Investars Proprietary Rate of Success System (ROSS)
Measures and Compares the Performance of Research Providers

Intended Usage
Investars allows investors to investigate the performance record of the research provider offering them investment advice on a stock, for example IBM. It also shows them what other firms are making recommendations on IBM and what the performance of their advice has been. By ordering the performance records of those firms from best to worst, Investars assists the investor in identifying which research providers can offer them the best advice on whether to buy, hold or sell IBM at this moment in time.

The Performance Measurement's System's Objective
Investars goal is to produce an accurate measurement of the performance of research providers. To do this it measures the success or failure of each of recommended buy, hold and sell recommendations in the providers stock coverage universe.

Background
Research organizations that analyze common stocks may provide several types of information to their institutional and retail clients. These items can include a commentary on a company's current financial progress, a review of its most recent earnings announcement and an estimate of a company's future earnings. The one single item that summarizes all of this information is a recommendation to buy, hold or sell a stock. Investars seeks to measure the success of these recommendations and then compare providers by their performance.

Methods
Research providers maintain lists of buy, hold and sell recommendations on the stocks in their coverage universe. These recommendations are constantly updated as the analysts opinions change. Since a list is not the same as a recommended portfolio, methods to measure them must be different.

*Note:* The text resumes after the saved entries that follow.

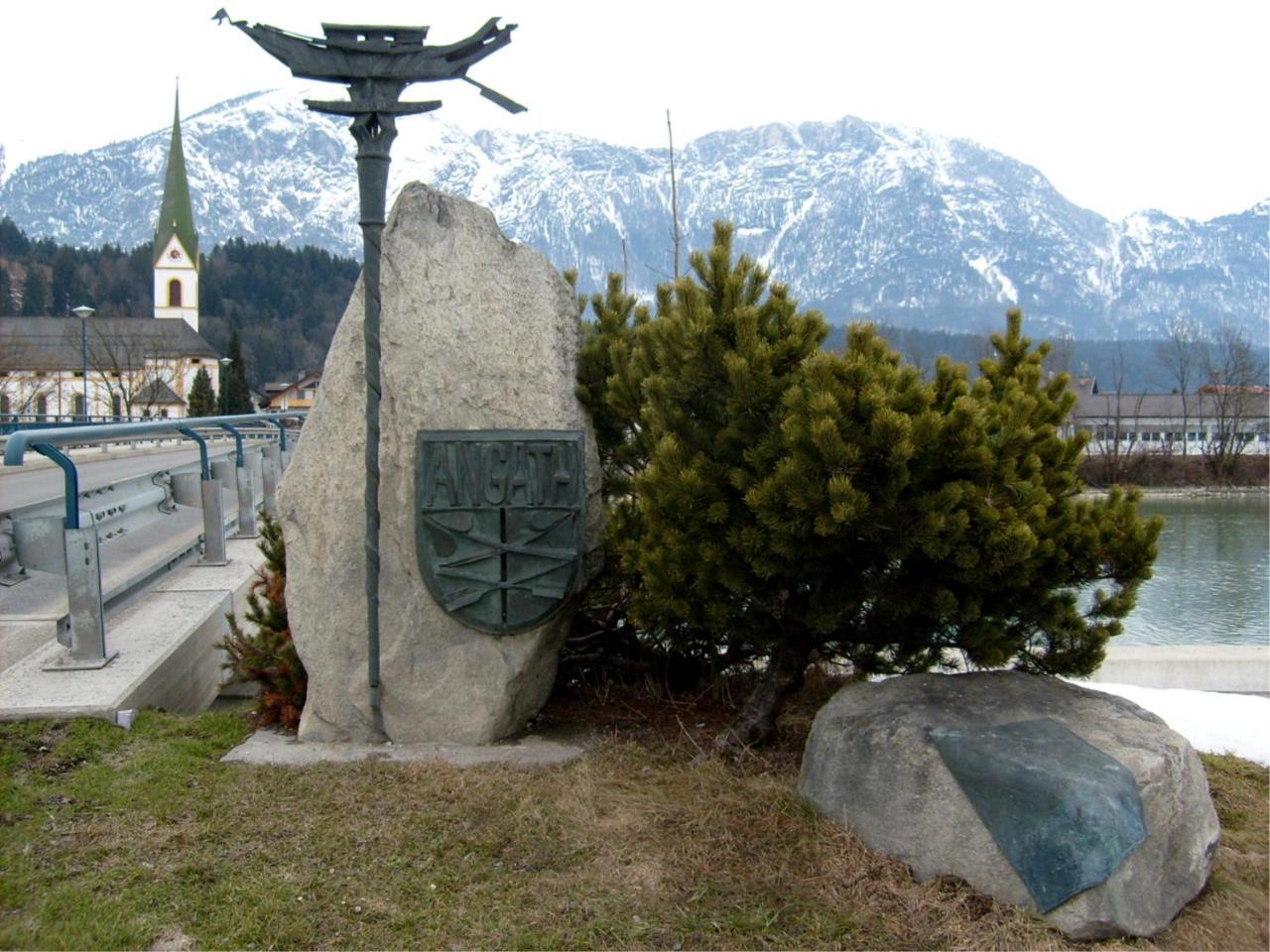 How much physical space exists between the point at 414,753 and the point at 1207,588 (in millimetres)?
14681

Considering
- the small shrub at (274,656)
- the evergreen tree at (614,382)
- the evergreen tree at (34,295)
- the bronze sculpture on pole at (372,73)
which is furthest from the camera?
the evergreen tree at (34,295)

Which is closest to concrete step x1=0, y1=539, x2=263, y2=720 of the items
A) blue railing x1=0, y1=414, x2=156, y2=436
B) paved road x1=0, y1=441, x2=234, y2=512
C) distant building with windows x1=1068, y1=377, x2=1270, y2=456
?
paved road x1=0, y1=441, x2=234, y2=512

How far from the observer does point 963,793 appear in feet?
12.0

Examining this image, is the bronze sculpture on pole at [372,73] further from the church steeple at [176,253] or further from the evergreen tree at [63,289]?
the evergreen tree at [63,289]

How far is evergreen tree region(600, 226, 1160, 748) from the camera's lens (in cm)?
404

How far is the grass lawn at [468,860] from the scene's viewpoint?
3.38 m

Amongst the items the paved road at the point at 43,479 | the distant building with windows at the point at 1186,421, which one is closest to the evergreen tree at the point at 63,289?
the distant building with windows at the point at 1186,421

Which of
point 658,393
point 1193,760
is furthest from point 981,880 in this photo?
point 658,393

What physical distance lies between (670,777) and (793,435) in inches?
63.2

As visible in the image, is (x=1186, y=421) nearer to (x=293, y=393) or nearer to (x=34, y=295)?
(x=293, y=393)

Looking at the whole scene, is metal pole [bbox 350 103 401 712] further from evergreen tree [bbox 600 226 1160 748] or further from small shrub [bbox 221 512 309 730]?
evergreen tree [bbox 600 226 1160 748]

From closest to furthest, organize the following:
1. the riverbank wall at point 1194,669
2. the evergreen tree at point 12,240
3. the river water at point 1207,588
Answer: the riverbank wall at point 1194,669
the river water at point 1207,588
the evergreen tree at point 12,240

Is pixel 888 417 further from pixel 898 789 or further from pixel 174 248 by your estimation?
pixel 174 248

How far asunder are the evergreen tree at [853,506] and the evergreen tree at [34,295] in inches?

Investars uses a straightforward set of rules to compare lists of recommendations. It's proprietary approach rewards a buy recommendation when the stock rises and penalizes it when the stock falls. If it is a strong buy verses a buy, then the strong buy is awarded when it outperforms the buy. Sell recommendations are also valued for their accuracy. A sell recommendation is rewarded if the stock falls and penalized if the stock rises. A strong sell recommendation is rewarded if the stock falls more than a sell recommendation. Hold recommendations are by their nature neutral so get no rewards or penalties.

An individual stock's score reflects the success or failure of every buy, hold or sell recommendation made for the stock. These scores are called ROSS returns (Rate of Success System). Scores are calculated for each stock in the research provider's coverage universe. To measure a provider's performance effectiveness in an industry or an economic sector, the appropriate individual stock scores are simply averaged. When all of the stocks a provider covers are averaged, the result is an overall provider score reflecting that research firm's performance. This provider score can then be compared to the scores of all other providers to rank them in order of their past success in making stock recommendations.

ROSS (Rate of Success System) Methodology
The Investars "Rate of Success System" (ROSS) quantifies a firm's performance by creating hypothetical portfolios based on their stock ratings. The system calculates returns for every firm and ranks them based on their returns for every stock ("By Stock") and sector ("By Industry") as well as for their overall portfolio of ratings ("By Portfolio"). ROSS also takes into account the strength of the ratings in creating the hypothetical portfolios and all historical ratings for the specified time period. Ratings are updated throughout the day and the returns are calculated once a day after the market closes. ROSS uses historical and current stock ratings to calculate hypothetical historical investment returns for more than 130 firms and more than 7000 companies.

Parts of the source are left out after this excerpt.